» WHAT IS BEING ASKED:
The line containing "رئيس جنوب أفريقيا", and every line after it to the end of the listing, should be repeated exactly; the pictures should not.

» PROVIDED DATA:
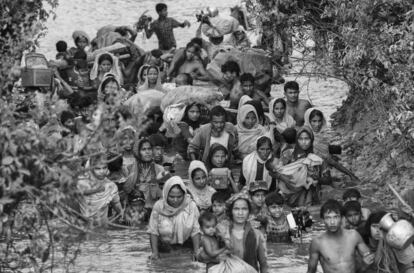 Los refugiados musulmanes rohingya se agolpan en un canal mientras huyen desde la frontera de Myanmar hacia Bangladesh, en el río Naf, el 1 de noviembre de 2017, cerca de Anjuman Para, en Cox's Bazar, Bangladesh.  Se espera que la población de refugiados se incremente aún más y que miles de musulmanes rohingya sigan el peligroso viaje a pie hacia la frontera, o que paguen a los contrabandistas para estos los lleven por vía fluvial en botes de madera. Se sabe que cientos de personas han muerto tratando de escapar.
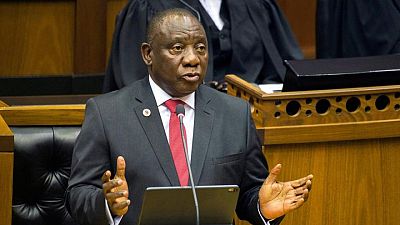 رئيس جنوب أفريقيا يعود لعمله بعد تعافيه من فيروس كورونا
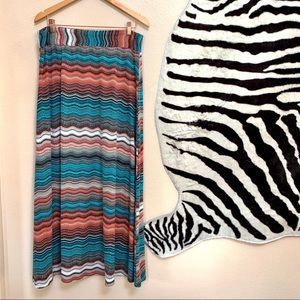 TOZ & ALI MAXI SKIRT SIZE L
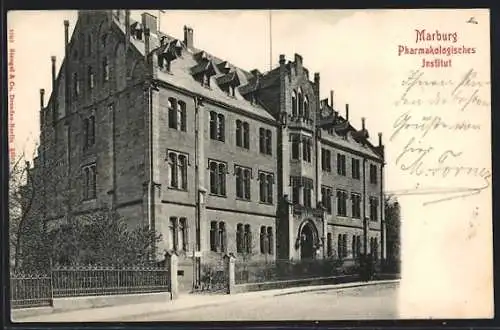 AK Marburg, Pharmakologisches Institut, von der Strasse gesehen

» OUTPUT FOR THIS EXERCISE:
 رئيس جنوب أفريقيا يعود لعمله بعد تعافيه من فيروس كورونا
 TOZ & ALI MAXI SKIRT SIZE L
 AK Marburg, Pharmakologisches Institut, von der Strasse gesehen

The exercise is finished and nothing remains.